When that fabric is disrupted in the American community, to use the example of racism again, the restraining shield on abhorrent discourse and behavior is lifted. Statements previously seen as repugnant and unacceptable proliferate, and from those words come actions – from personal epithets, then small acts of vandalism, perpetration of racist thuggery, violent rallies and the ostentatious display of hate and white supremacy, assaults, shootings and the mailing of bombs. People who managed to work together, send their children to the same schools, and play on teams together, lose the sense of well-being and security that comes from a feeling that those around you include you in the community and have your back.

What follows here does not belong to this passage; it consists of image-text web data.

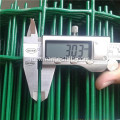 Green+PVC+Coated+Euro+Welded+Wire+Mesh+Fence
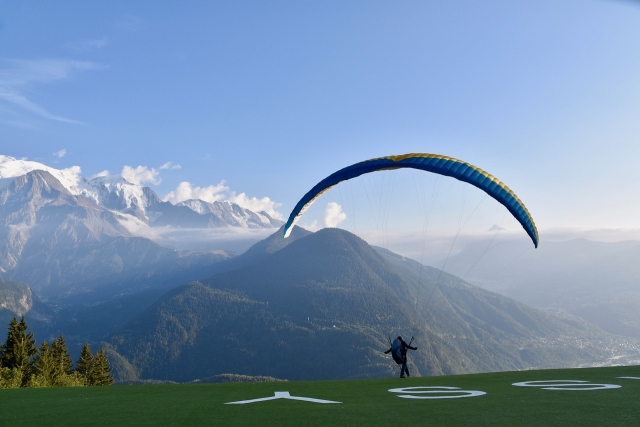  Despegue en parapenle 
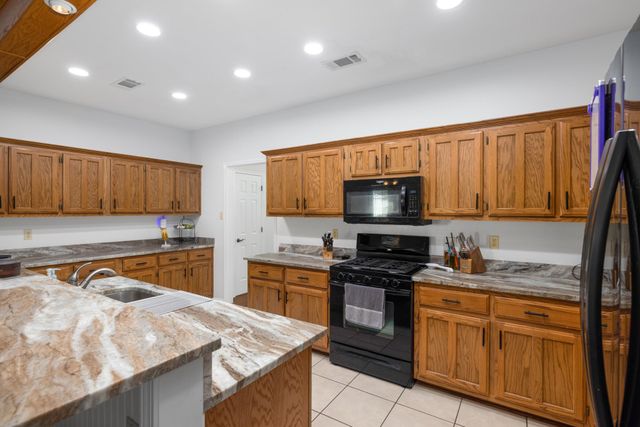 468 KIMBERLY DR, Atoka, TN 38004
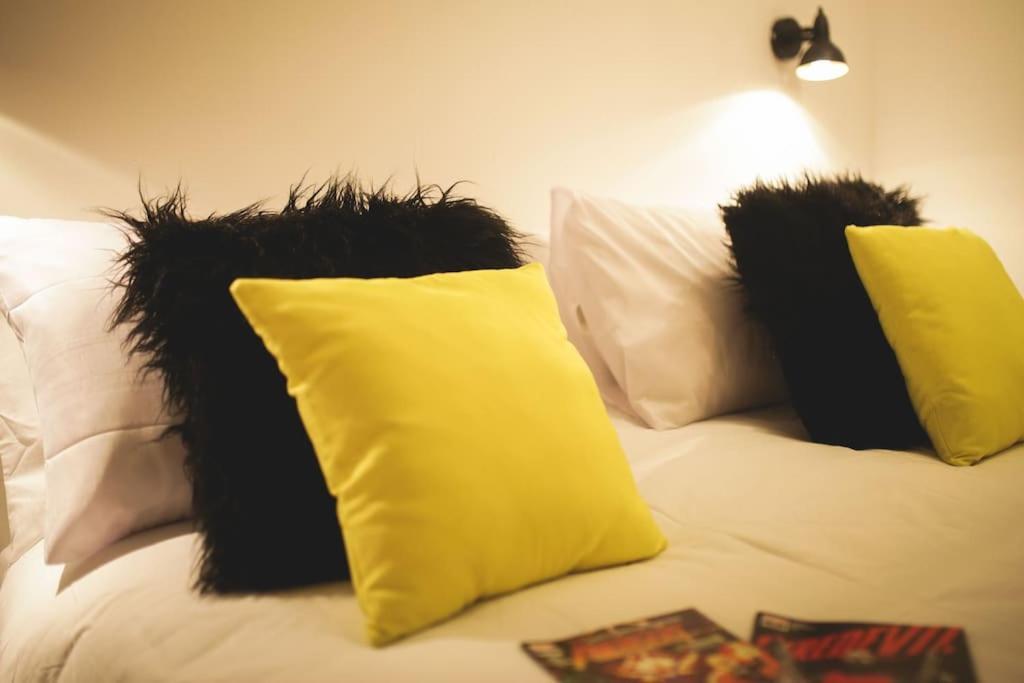 Games And Movies Lounge 7 Bed Centre Apartment *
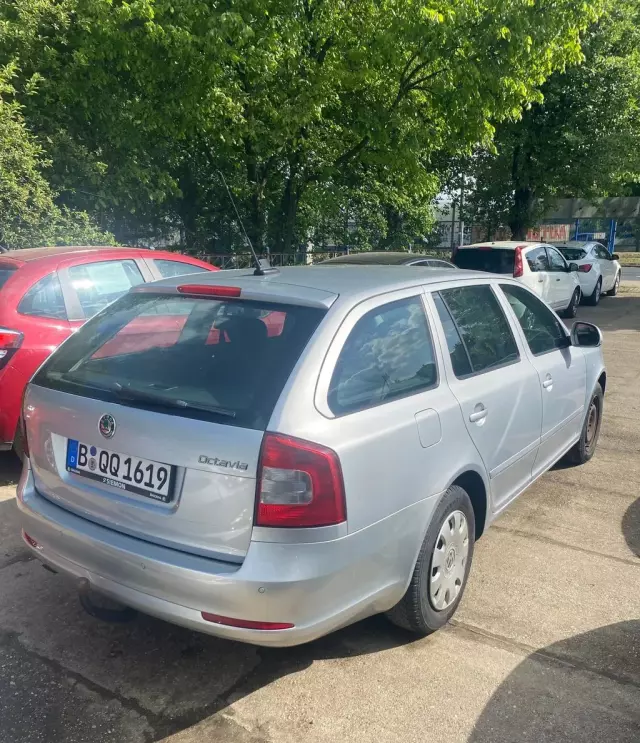 SKODA Octavia 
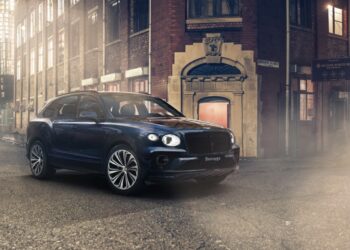 Bentley Private White VC Bentayga لصفوة العالم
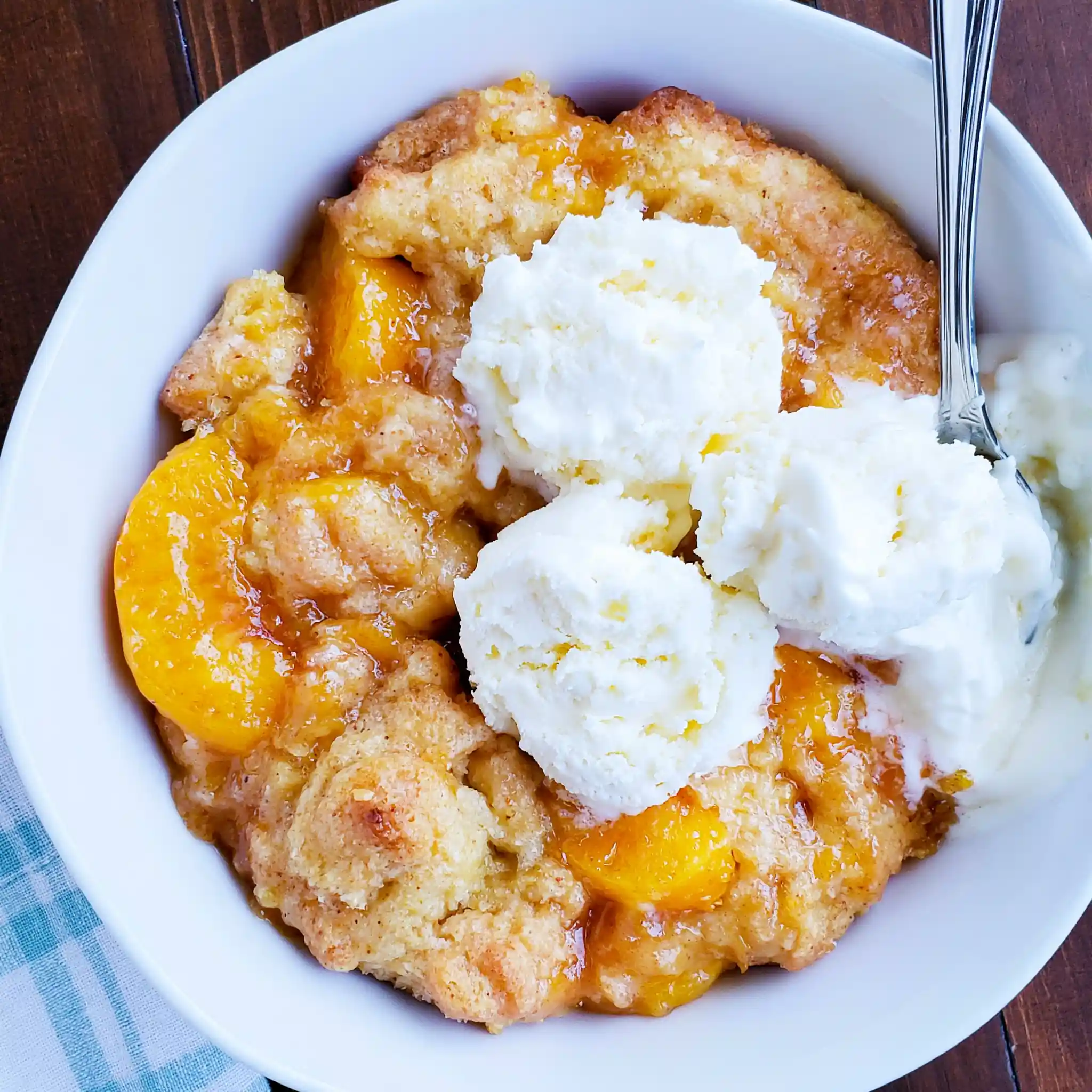 Paula Deen Peach Cobbler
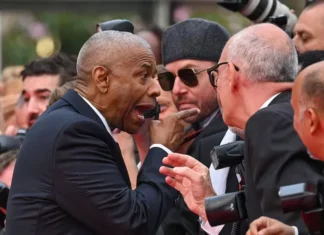 Denzel Washington se enfrenta a un fotógrafo tras ser agarrado en Cannes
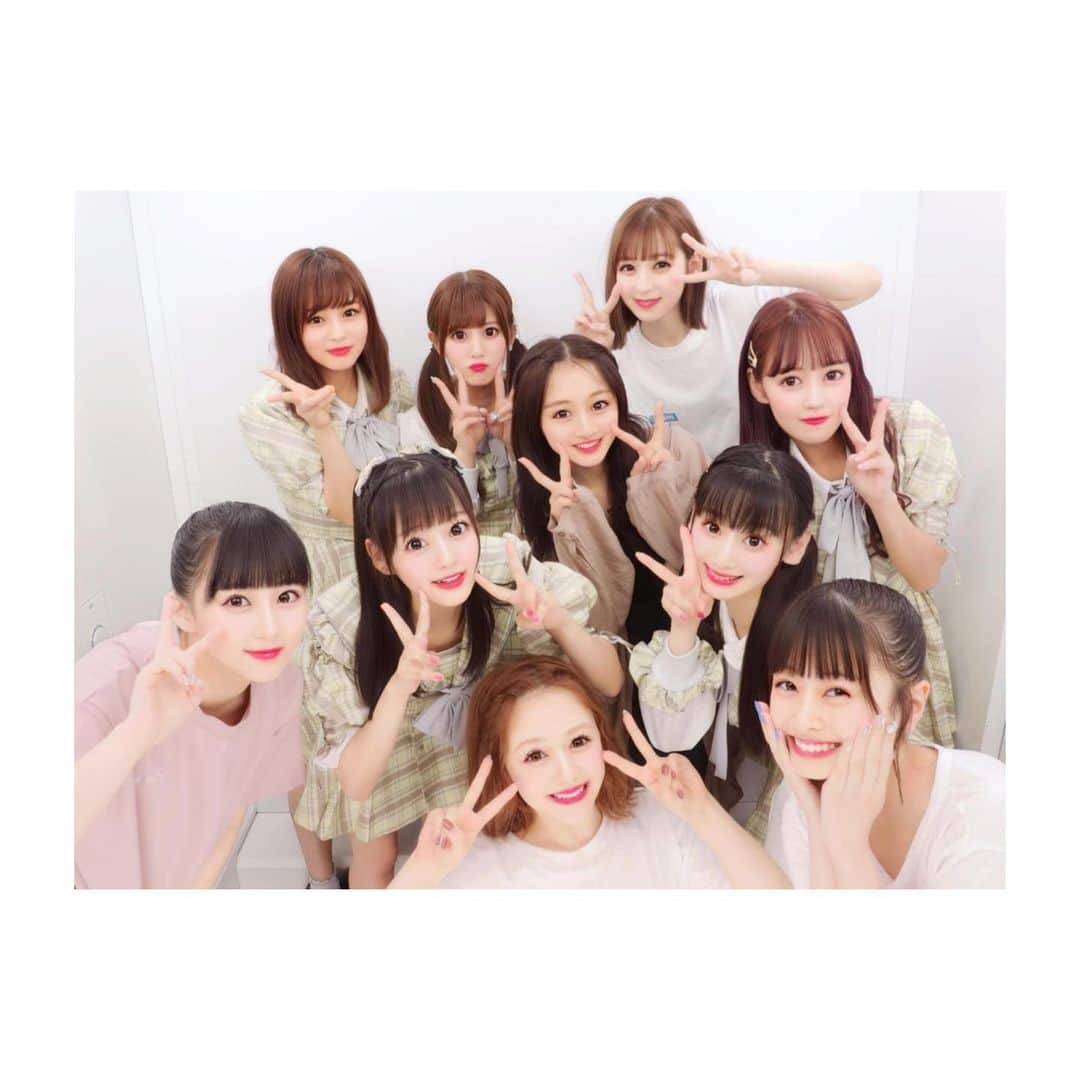 村重杏奈さんのインスタグラム写真 - (村重杏奈Instagram)「いろんなアイドルがいて 最高の#TIF2019 でした💓💓 さしさんのおかげで広がる輪🤜🏻😫🤛🏻 みんな仲良しで鬼カワ☺︎ #プリクラ大好き過ぎる #４回くらい撮った  #プリクラのプロ #HKT48 #イコラブ #共通点さしさん #神❤️」8月2日 21時24分 - hktanna4848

The wanton and thoughtless destruction of the global and national norms and practices perpetrated by Trump and his supporters, and fueled by Bannon’s disruption fantasies, is the outcome of self-delusion, hubris, self-aggrandizement, ignorance, revanchist racism, and, at a deeper level, a dystopian glorification of the self and the “us,” damn all else. It is a kick in the face to the idea of community and its vital protective fabric. It is a kick in the face to all the work done, and sacrifices made, for so many years, by so many people, who wanted to evolve forward from the ugly, Hobbesian struggle of all against all, no holds barred, that fed into the shocking carnage of WWI, the rise of Nazism and fascism, the Holocaust, the renewed carnage of WWII, the racial violence of the deep South, the cruel persecution and destruction of Native American societies, and generally the bigotry and hatred of the other – whether immigrants, diverse religions, or anything else. And what that destruction has done, globally and domestically, is easy to see. The colossal stupidity of this is hard to fathom. We are allowing the fabric that served us and our global neighbors reasonably well to be destroyed by a self-serving, narcissistic, tawdry tin-pot dictator-hopeful who knows nothing about history (domestic or global), the Constitution, American values, the role of a president, or anything else, and doesn’t care either. There is not a shred of American greatness about this. Not a shred. Not a molecule. Let me be very clear about that.
The philosopher Bertrand Russell wrote that “Social cohesion demands a creed, or a code of behavior, or a prevailing sentiment, or, best, some combination of all three; without something of the kind, a community disintegrates, and becomes subject to a tyrant or a foreign conqueror.” (from Power: A New Social Analysis, 1938, p10).